* **TASK STATEMENT**
Only the lines from the one that includes "Endura Pro SL Herren-Trikot Kurzarm Mustard" through the last line below belong in the reply, copied exactly and without pictures.

* **DATA SHOWN**
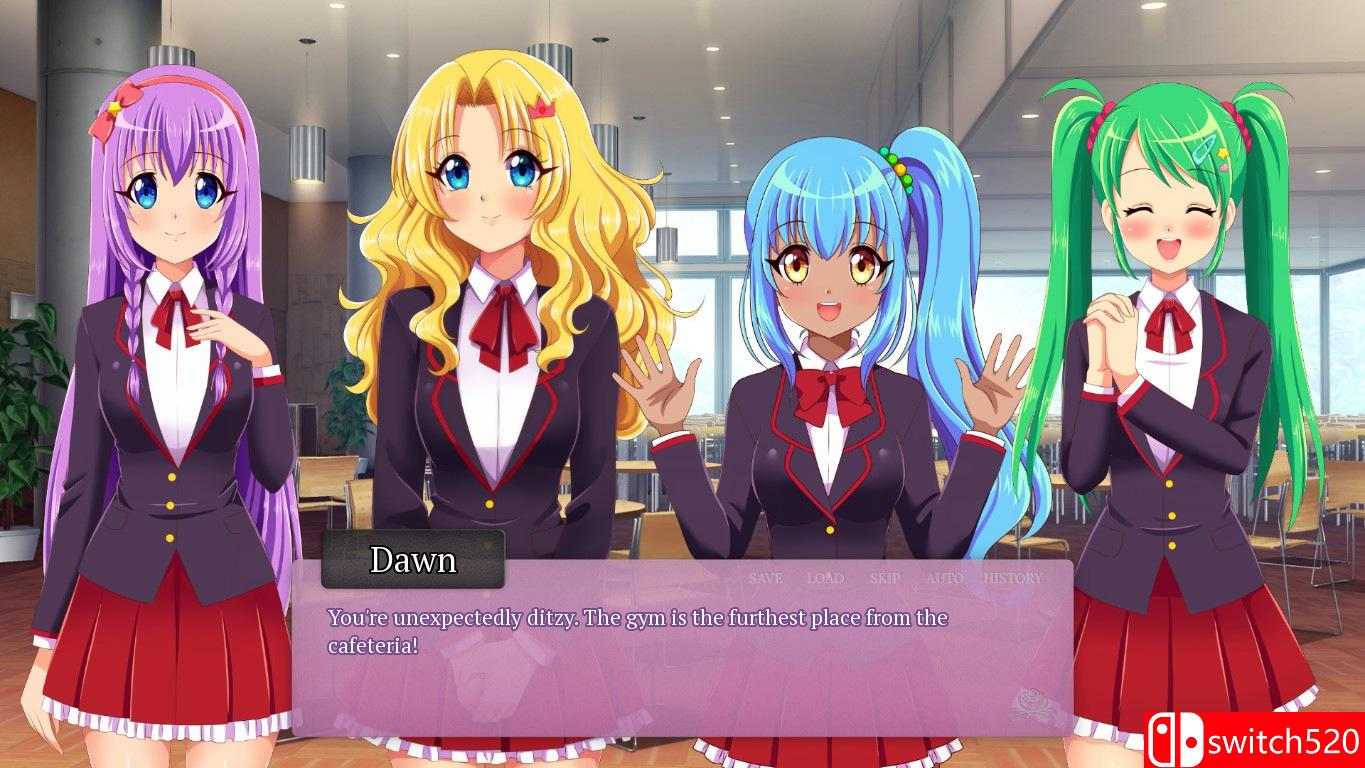 《我的少女生活（My Life as a Maiden）》DARKSiDERS硬盘版[EN]_5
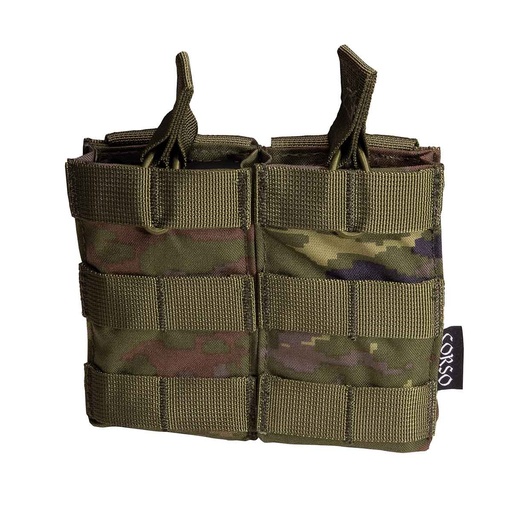 [CRS-041118-PB] POUCH CORSO CARGADOR G36 DOBLE DAGGER MOLLE PIX.BOSCOSO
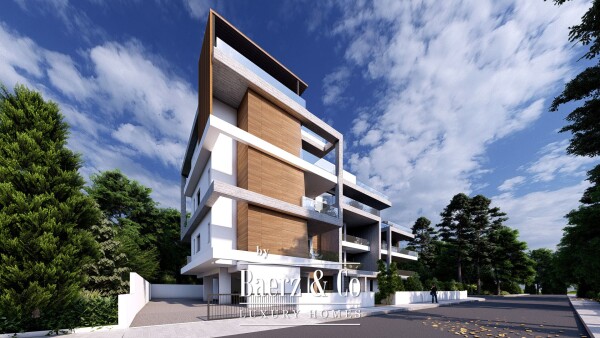 photo 12 Ready To Move In Penthouse For sale, Agios Athanasios, Dasoudi, 264 sq.m., with Roof Garden and Pool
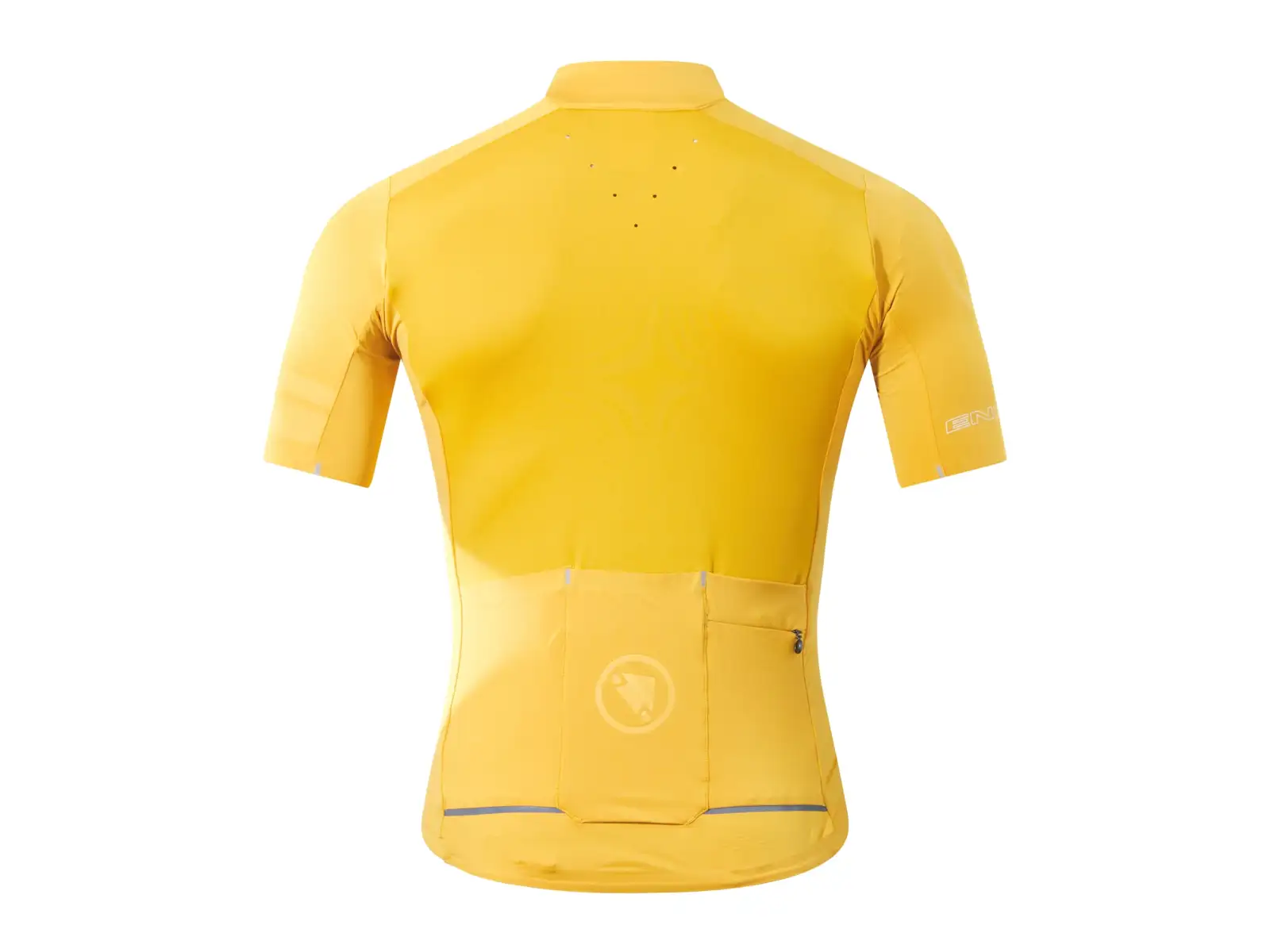 Endura Pro SL Herren-Trikot Kurzarm Mustard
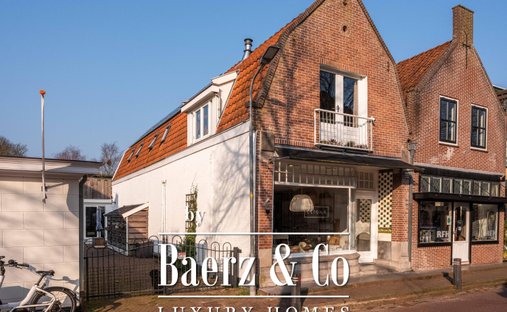 House in Bergen, North Holland, Netherlands 1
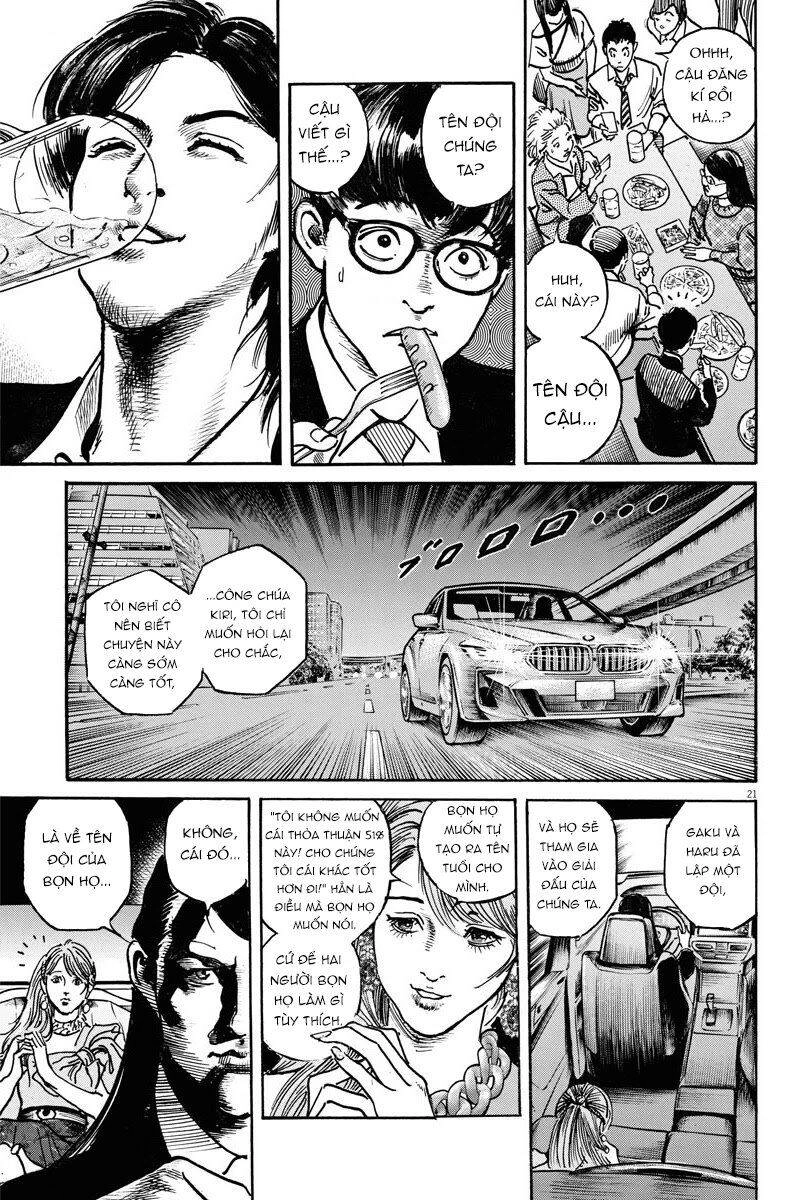 Trò Chơi Nghìn Tỷ Chapter 4 - 20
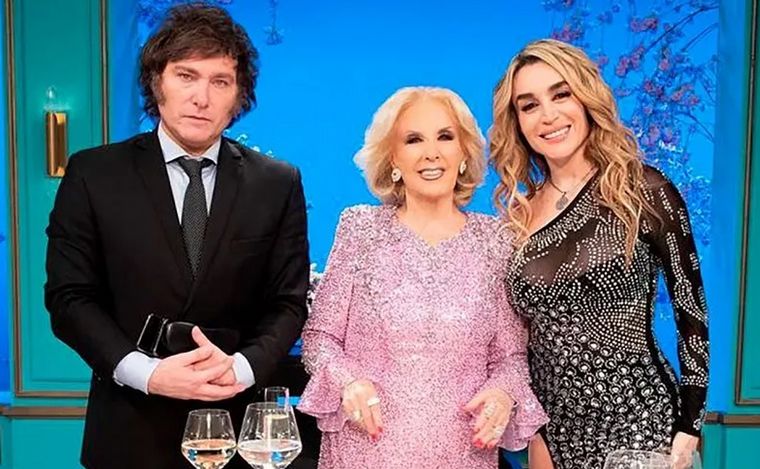 Mirtha Legrand es esperada en varias salas de MDQ.
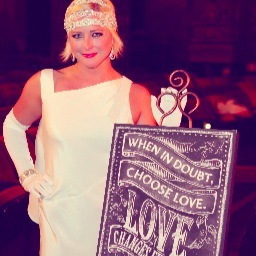 NikkiSnelson's profile picture. LOUD, STRONG, & WRONG…On Stage and Off!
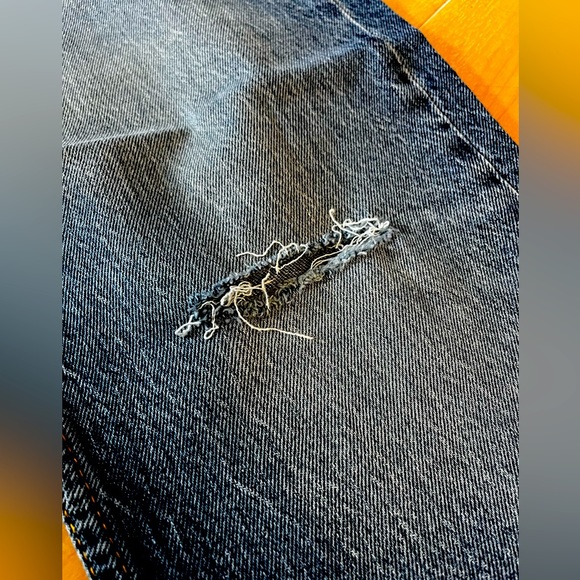 502 Levi’s w32 L 30 - Picture 4 of 15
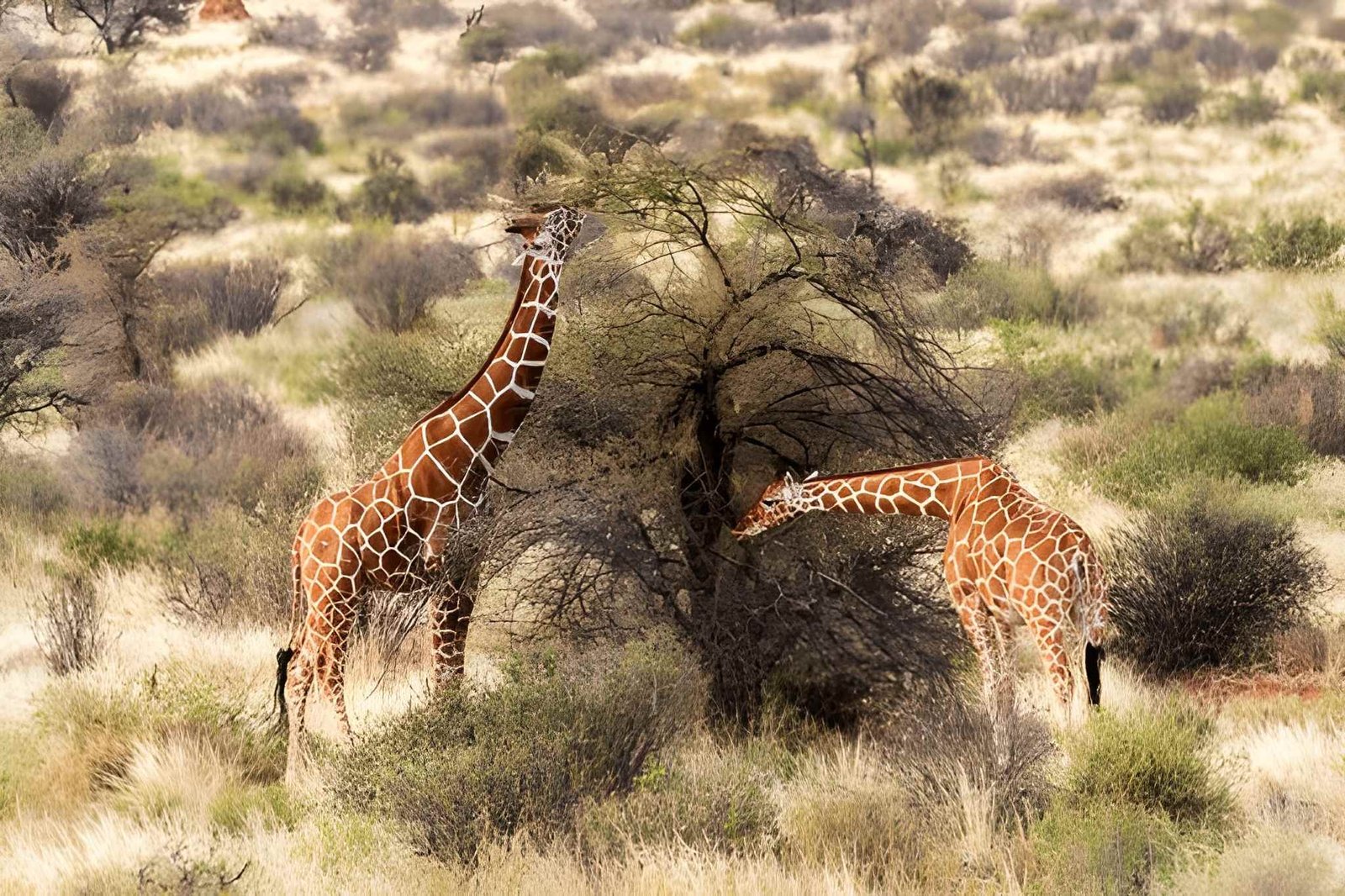 Samburu National Reserve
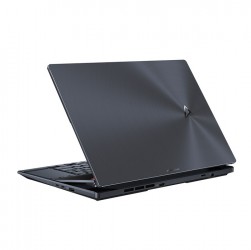 Laptop Asus Zenbook Pro 14 Duo OLED UX8402ZE-M3044W (Core i7-12700H | 16GB | 1TB | RTX 3050 Ti 4GB | 14.5 inch 2.8K | Cảm ứng | Win 11 | Đen)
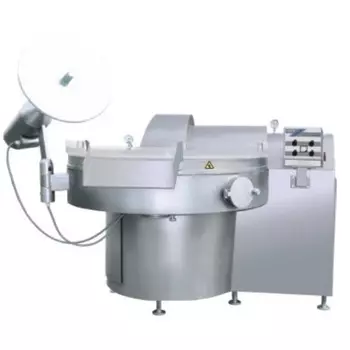 Вакуумный куттер Hualian Machinery ZBZ-125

* **ANSWER TO THE PROBLEM**
 Endura Pro SL Herren-Trikot Kurzarm Mustard
 House in Bergen, North Holland, Netherlands 1
 Trò Chơi Nghìn Tỷ Chapter 4 - 20
 Mirtha Legrand es esperada en varias salas de MDQ.
 NikkiSnelson's profile picture. LOUD, STRONG, & WRONG…On Stage and Off!
 502 Levi’s w32 L 30 - Picture 4 of 15
 Samburu National Reserve
 Laptop Asus Zenbook Pro 14 Duo OLED UX8402ZE-M3044W (Core i7-12700H | 16GB | 1TB | RTX 3050 Ti 4GB | 14.5 inch 2.8K | Cảm ứng | Win 11 | Đen)
 Вакуумный куттер Hualian Machinery ZBZ-125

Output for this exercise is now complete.